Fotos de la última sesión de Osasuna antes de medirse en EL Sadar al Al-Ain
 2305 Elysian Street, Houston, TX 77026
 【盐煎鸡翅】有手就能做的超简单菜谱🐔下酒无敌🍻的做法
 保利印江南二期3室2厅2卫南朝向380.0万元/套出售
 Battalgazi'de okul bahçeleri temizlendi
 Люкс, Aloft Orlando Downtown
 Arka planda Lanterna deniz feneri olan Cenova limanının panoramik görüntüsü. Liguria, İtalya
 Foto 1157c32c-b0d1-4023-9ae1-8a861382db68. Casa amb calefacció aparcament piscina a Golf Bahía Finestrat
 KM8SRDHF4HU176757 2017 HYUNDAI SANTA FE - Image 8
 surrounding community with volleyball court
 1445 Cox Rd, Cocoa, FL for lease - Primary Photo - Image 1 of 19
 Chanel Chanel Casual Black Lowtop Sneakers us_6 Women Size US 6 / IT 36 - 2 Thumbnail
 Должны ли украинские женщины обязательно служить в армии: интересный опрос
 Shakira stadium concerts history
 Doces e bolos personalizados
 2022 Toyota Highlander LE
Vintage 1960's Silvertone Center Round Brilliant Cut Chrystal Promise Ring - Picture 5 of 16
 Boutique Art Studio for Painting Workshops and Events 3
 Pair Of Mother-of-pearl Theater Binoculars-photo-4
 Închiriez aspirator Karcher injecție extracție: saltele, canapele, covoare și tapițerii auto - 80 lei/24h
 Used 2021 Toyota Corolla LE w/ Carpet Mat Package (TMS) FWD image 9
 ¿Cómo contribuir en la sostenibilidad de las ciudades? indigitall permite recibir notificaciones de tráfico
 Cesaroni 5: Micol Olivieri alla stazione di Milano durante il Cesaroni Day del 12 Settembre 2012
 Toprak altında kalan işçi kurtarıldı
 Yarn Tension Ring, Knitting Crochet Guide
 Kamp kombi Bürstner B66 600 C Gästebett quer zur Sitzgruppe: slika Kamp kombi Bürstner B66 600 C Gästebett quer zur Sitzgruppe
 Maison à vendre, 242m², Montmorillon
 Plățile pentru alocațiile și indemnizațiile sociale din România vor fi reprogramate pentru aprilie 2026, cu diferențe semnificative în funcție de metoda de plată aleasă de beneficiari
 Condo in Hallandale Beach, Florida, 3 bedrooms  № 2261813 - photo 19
◇ ◇ ◇ ◇ ◇ ◇ ◇
Reprint exactly the lines above that start at the one with "Arka planda Lanterna" and end at the one with "1445 Cox Rd, Cocoa, FL", keeping both and adding none.

→ **Exercise result**:
 Arka planda Lanterna deniz feneri olan Cenova limanının panoramik görüntüsü. Liguria, İtalya
 Foto 1157c32c-b0d1-4023-9ae1-8a861382db68. Casa amb calefacció aparcament piscina a Golf Bahía Finestrat
 KM8SRDHF4HU176757 2017 HYUNDAI SANTA FE - Image 8
 surrounding community with volleyball court
 1445 Cox Rd, Cocoa, FL for lease - Primary Photo - Image 1 of 19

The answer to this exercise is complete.